JAMES LOPEZ: I’m not working directly for Disney, but I’m working for a small studio in Hollywood called Titmouse, doing storyboard work on a television show called Randy Cunningham: 9th Grade Ninja. It’s on the Disney XD channel. I’m actually finishing up Season 2 … so I’m looking for work!

Does that mean more time for Hullabaloo, or less time — since you’ll may need to hunt for the next gig?

Somebody asked me if I’ll be doing Hullabaloo full time, and I was like, ‘Golly … I don’t know.’ I intended to do something else, while this is a part time thing.

This is about a young girl on a quest to find her missing father. Why did you choose a steampunk setting for that tale?

The broad story I want to tell is about somebody who feels they have a lot to contribute, and how do they find a place for themselves in this world that’s on the edge of shifting technology? I like to think that’s relevant to what we’re dealing with today.

In both animation and journalism!

Exactly. That’s the story I want to tell through the symbolism of steam and diesel. It’s kind of a personal story. From my perspective, I was a 2-D hand-drawn animator, and then computers came in. So this story mirrors the struggles I’ve had to go through to adapt and change.

Can you explain what’s going on in the image you’ve released of Veronica facing the girl in the cat mask?

The Cheshire Cat is a cat burglar who Hullabaloo – our hero – is trying to apprehend. Part of the Cheshire Cat’s power is to hypnotize people, and it causes them to have these vivid dreams until someone breaks them out of that spell, otherwise they’re destined to live in that horrific world indefinitely. So she’s in the midst of being put under that hypnotic spell.

Tell me about Veronica’s friend, another young, female science geek named Jules. Obviously a little reference to Jules Verne.

Yeah, and Veronica is like a long version of Verne. I wanted their names to be a play on words: Jules and Veronica.

Since they’re both obsessed with science, gizmos, and tech, what would you say distinguishes the two girls from each other?

They’re polar opposites, but they compliment each other. I drew inspiration from my two daughters, who are total opposites. One likes to stay inside and read, and the other likes to go outside and play. When I was crafting these characters, I wanted to develop a character relationship my daughters could relate to. Veronica is more raised in a school of etiquette, where Jules is more sort of street.

So book-smart versus street-smart?

Exactly. Veronica is much more into the traditional fashion sense, and likes to wear the latest trend of that era, bustle skirts and such. But Jules won’t have any of that. She dresses in all black, and is a little more tomboyish, I guess.

Veronica’s heroic identity is called Hullabaloo, which brings a kind of superhero flavor to the mix.

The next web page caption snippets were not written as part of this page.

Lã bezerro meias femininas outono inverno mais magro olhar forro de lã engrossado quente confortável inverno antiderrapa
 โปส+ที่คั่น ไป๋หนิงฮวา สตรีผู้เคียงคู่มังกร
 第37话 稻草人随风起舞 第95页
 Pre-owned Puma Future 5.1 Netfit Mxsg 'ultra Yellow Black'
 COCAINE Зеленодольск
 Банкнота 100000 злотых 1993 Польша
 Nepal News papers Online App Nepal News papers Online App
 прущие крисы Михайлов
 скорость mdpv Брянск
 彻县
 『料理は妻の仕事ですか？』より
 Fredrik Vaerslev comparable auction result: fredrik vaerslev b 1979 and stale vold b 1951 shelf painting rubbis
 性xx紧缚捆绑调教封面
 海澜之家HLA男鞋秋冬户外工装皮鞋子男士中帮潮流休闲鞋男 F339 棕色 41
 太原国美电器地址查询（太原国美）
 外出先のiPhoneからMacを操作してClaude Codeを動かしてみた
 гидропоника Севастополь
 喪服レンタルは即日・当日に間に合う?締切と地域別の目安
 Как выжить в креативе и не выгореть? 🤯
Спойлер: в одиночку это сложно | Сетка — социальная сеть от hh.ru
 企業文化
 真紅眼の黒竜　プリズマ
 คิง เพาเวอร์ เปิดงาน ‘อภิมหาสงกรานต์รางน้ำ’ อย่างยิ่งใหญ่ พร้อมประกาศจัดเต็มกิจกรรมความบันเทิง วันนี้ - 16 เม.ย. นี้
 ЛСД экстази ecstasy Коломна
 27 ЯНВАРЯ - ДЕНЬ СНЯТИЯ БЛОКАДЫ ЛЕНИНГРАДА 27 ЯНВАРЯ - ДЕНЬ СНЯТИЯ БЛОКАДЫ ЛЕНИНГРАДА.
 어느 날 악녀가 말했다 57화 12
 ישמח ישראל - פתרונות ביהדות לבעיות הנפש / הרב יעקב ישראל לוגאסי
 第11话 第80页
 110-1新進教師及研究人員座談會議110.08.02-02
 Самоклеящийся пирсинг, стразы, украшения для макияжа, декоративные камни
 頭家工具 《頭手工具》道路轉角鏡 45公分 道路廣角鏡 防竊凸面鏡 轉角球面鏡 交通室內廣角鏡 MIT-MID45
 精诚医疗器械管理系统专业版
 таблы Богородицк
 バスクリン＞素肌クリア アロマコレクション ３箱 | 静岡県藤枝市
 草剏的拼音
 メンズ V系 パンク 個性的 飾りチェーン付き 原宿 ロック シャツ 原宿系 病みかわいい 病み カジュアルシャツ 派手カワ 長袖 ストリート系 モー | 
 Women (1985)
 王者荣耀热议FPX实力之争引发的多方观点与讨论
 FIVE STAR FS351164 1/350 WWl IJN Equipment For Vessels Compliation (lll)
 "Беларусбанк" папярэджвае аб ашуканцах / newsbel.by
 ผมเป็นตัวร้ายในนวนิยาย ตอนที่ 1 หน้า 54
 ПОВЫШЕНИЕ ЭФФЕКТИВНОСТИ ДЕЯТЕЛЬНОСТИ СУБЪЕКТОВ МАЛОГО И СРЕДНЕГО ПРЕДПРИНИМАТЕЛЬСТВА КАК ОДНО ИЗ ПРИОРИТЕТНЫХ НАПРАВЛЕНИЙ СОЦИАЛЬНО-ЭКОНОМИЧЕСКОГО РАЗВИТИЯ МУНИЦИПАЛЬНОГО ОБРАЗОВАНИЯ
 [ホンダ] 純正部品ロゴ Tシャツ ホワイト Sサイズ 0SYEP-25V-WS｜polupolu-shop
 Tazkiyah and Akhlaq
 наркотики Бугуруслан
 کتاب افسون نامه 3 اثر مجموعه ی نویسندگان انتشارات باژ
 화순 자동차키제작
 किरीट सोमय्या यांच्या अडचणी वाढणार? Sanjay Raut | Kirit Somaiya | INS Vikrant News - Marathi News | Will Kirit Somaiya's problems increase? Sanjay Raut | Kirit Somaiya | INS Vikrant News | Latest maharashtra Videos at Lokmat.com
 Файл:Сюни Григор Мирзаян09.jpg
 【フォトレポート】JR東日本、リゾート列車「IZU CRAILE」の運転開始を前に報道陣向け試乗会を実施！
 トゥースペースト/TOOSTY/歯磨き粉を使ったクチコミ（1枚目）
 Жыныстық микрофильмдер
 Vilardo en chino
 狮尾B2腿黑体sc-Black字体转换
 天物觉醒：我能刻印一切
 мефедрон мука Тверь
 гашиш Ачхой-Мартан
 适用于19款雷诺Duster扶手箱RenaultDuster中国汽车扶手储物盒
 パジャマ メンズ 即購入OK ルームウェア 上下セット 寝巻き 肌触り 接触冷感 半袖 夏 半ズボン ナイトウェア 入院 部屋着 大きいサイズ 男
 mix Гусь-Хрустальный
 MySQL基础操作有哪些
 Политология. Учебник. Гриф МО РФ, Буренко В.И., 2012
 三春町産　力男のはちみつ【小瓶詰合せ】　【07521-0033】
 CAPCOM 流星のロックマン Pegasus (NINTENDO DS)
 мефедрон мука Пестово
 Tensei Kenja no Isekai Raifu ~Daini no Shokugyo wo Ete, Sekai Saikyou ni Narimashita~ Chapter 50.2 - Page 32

When I looked at all the steampunk cosplay, I thought it would be cool to tell a superhero story in that world. The goggles would take the place of a traditional mask, and the gadgetry could work both for and against evil. It also gives her a cause to dress up so eccentrically. Actual Victorian dress was very conservative and prim and proper.

The team you’ve assembled to help make this is really impressive. You all collaborate on each other’s personal projects, can you explain how the cross pollination works?

We all know each other very well, and have high regard for each other. We’re friends, and try to support each other when we can. When one of us has a personal project we’re taking on, usually we contact each other and ask for help, and vice versa. It’s not a quid pro quo thing, more like we’re working toward the same thing: supporting hand-drawn animation and keeping the art form alive.

You’re like your own superhero story, putting together a team based on what skill you need. The Avengers of hand-drawn animation.

Very much! We definitely feel like we’re taking on a challenge, for sure.